BEGIN DATA FOR ANALYSIS
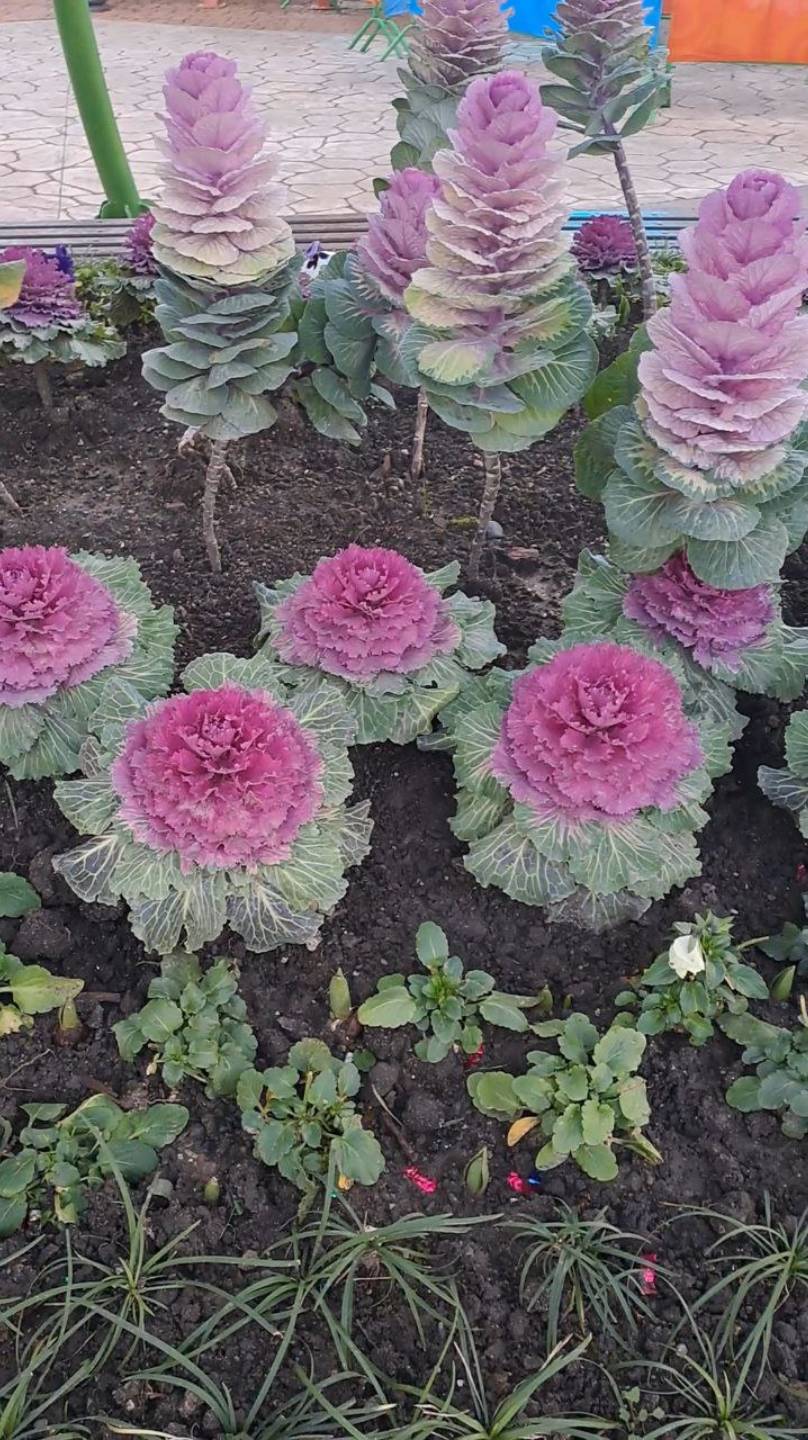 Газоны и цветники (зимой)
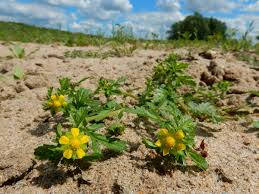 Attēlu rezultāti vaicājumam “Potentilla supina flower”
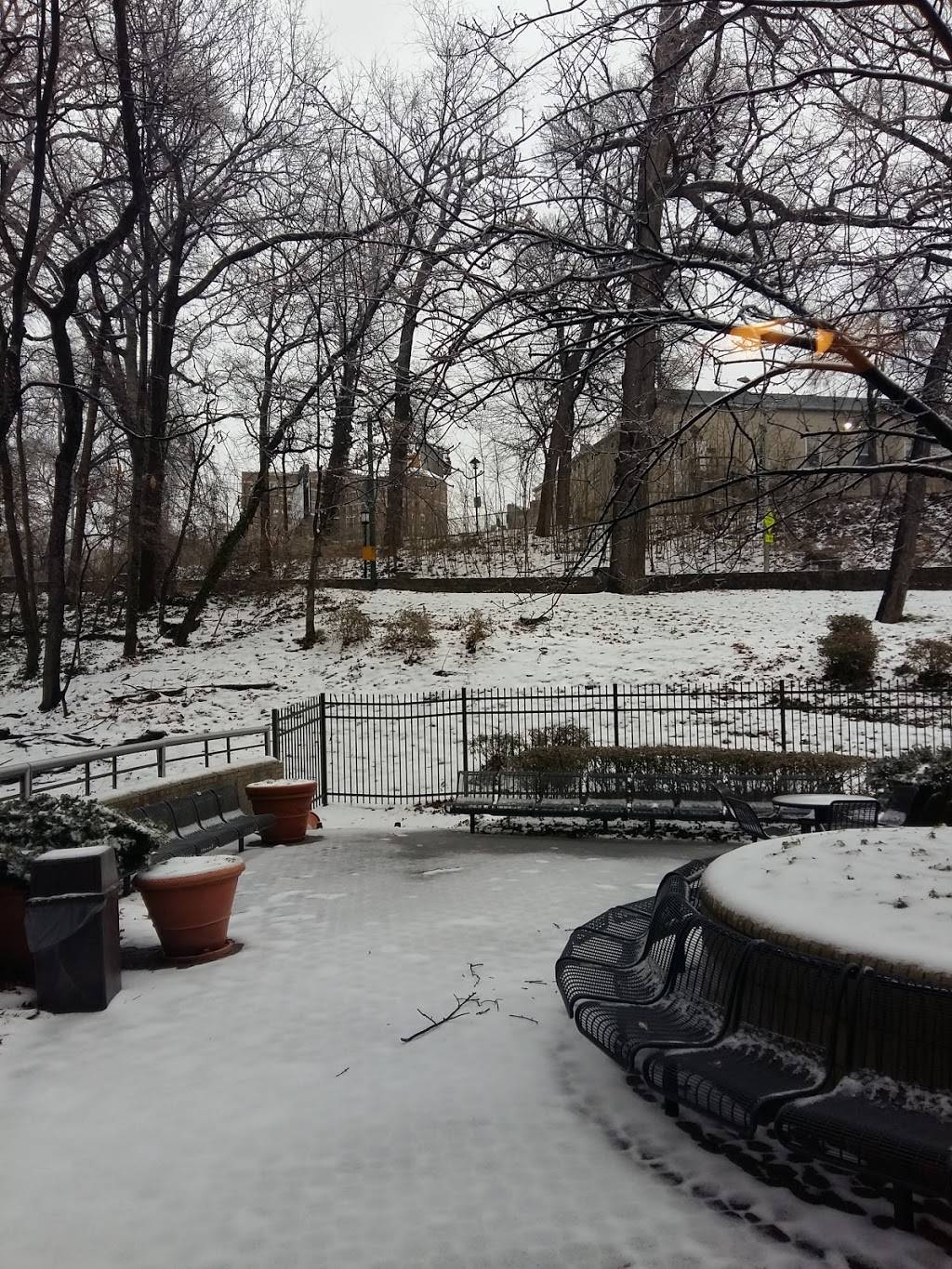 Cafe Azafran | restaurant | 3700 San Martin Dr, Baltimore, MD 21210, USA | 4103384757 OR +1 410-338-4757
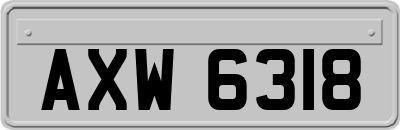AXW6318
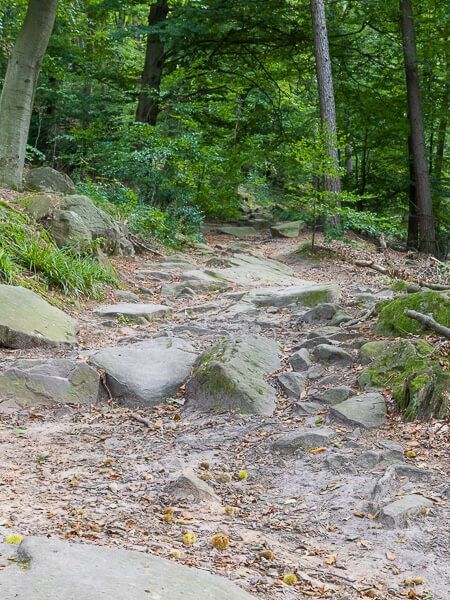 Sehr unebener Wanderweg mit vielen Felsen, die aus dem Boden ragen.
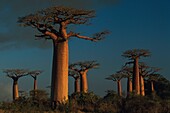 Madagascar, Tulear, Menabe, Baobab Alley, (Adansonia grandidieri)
END DATA FOR ANALYSIS
▶ **AIM OF THE EXERCISE**:
When you restate the listing above, give each line word for word but leave out every image.

▶ **RESPONSE FOR THIS EXERCISE**:
 Газоны и цветники (зимой)
 Attēlu rezultāti vaicājumam “Potentilla supina flower”
 Cafe Azafran | restaurant | 3700 San Martin Dr, Baltimore, MD 21210, USA | 4103384757 OR +1 410-338-4757
AXW6318
 Sehr unebener Wanderweg mit vielen Felsen, die aus dem Boden ragen.
 Madagascar, Tulear, Menabe, Baobab Alley, (Adansonia grandidieri)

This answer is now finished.